**TASK REQUIREMENTS:** Take the entries below and reproduce them word for word.

**TASK INPUTS:**
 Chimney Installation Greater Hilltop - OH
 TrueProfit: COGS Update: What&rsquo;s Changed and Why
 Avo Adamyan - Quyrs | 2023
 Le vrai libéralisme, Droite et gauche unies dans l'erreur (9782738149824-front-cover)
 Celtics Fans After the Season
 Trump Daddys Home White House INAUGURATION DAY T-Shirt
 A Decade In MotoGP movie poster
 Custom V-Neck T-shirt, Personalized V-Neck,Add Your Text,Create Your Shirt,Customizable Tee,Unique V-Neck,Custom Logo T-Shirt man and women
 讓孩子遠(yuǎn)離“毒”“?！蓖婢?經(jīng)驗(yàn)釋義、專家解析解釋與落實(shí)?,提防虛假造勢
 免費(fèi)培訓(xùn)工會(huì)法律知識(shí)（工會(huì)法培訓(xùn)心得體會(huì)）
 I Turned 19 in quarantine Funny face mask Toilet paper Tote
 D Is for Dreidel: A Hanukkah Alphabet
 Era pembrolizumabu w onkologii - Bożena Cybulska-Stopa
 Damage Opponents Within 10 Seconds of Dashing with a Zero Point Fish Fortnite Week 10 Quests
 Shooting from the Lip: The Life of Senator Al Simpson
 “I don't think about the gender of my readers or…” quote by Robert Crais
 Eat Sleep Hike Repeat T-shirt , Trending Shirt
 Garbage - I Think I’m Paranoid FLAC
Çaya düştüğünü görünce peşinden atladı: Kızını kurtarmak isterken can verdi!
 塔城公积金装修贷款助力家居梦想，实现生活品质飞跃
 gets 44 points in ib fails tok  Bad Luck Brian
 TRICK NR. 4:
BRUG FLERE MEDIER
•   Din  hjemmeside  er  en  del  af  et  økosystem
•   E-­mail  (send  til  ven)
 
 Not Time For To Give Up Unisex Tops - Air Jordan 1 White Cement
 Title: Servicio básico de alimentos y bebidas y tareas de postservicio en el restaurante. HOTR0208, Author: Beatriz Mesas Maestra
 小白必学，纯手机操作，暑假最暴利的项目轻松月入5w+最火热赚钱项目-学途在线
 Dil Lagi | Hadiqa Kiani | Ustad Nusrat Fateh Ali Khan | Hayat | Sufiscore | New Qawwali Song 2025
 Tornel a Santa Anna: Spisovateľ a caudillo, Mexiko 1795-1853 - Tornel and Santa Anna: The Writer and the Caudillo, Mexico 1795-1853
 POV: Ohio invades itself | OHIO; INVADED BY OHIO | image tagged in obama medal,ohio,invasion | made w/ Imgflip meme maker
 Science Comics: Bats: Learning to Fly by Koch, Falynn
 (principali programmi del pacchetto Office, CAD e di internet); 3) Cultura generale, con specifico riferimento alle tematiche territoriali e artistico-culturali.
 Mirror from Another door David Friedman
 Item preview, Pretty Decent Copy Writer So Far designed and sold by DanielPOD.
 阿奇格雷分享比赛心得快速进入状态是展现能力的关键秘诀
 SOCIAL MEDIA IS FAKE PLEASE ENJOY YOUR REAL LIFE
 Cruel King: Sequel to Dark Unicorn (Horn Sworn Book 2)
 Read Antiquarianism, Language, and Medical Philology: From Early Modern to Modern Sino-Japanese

**RESPONSE AREA:**
 Chimney Installation Greater Hilltop - OH
 TrueProfit: COGS Update: What&rsquo;s Changed and Why
 Avo Adamyan - Quyrs | 2023
 Le vrai libéralisme, Droite et gauche unies dans l'erreur (9782738149824-front-cover)
 Celtics Fans After the Season
 Trump Daddys Home White House INAUGURATION DAY T-Shirt
 A Decade In MotoGP movie poster
 Custom V-Neck T-shirt, Personalized V-Neck,Add Your Text,Create Your Shirt,Customizable Tee,Unique V-Neck,Custom Logo T-Shirt man and women
 讓孩子遠(yuǎn)離“毒”“?！蓖婢?經(jīng)驗(yàn)釋義、專家解析解釋與落實(shí)?,提防虛假造勢
 免費(fèi)培訓(xùn)工會(huì)法律知識(shí)（工會(huì)法培訓(xùn)心得體會(huì)）
 I Turned 19 in quarantine Funny face mask Toilet paper Tote
 D Is for Dreidel: A Hanukkah Alphabet
 Era pembrolizumabu w onkologii - Bożena Cybulska-Stopa
 Damage Opponents Within 10 Seconds of Dashing with a Zero Point Fish Fortnite Week 10 Quests
 Shooting from the Lip: The Life of Senator Al Simpson
 “I don't think about the gender of my readers or…” quote by Robert Crais
 Eat Sleep Hike Repeat T-shirt , Trending Shirt
 Garbage - I Think I’m Paranoid FLAC
Çaya düştüğünü görünce peşinden atladı: Kızını kurtarmak isterken can verdi!
 塔城公积金装修贷款助力家居梦想，实现生活品质飞跃
 gets 44 points in ib fails tok  Bad Luck Brian
 TRICK NR. 4:
BRUG FLERE MEDIER
•   Din  hjemmeside  er  en  del  af  et  økosystem
•   E-­mail  (send  til  ven)
 
 Not Time For To Give Up Unisex Tops - Air Jordan 1 White Cement
 Title: Servicio básico de alimentos y bebidas y tareas de postservicio en el restaurante. HOTR0208, Author: Beatriz Mesas Maestra
 小白必学，纯手机操作，暑假最暴利的项目轻松月入5w+最火热赚钱项目-学途在线
 Dil Lagi | Hadiqa Kiani | Ustad Nusrat Fateh Ali Khan | Hayat | Sufiscore | New Qawwali Song 2025
 Tornel a Santa Anna: Spisovateľ a caudillo, Mexiko 1795-1853 - Tornel and Santa Anna: The Writer and the Caudillo, Mexico 1795-1853
 POV: Ohio invades itself | OHIO; INVADED BY OHIO | image tagged in obama medal,ohio,invasion | made w/ Imgflip meme maker
 Science Comics: Bats: Learning to Fly by Koch, Falynn
 (principali programmi del pacchetto Office, CAD e di internet); 3) Cultura generale, con specifico riferimento alle tematiche territoriali e artistico-culturali.
 Mirror from Another door David Friedman
 Item preview, Pretty Decent Copy Writer So Far designed and sold by DanielPOD.
 阿奇格雷分享比赛心得快速进入状态是展现能力的关键秘诀
 SOCIAL MEDIA IS FAKE PLEASE ENJOY YOUR REAL LIFE
 Cruel King: Sequel to Dark Unicorn (Horn Sworn Book 2)
 Read Antiquarianism, Language, and Medical Philology: From Early Modern to Modern Sino-Japanese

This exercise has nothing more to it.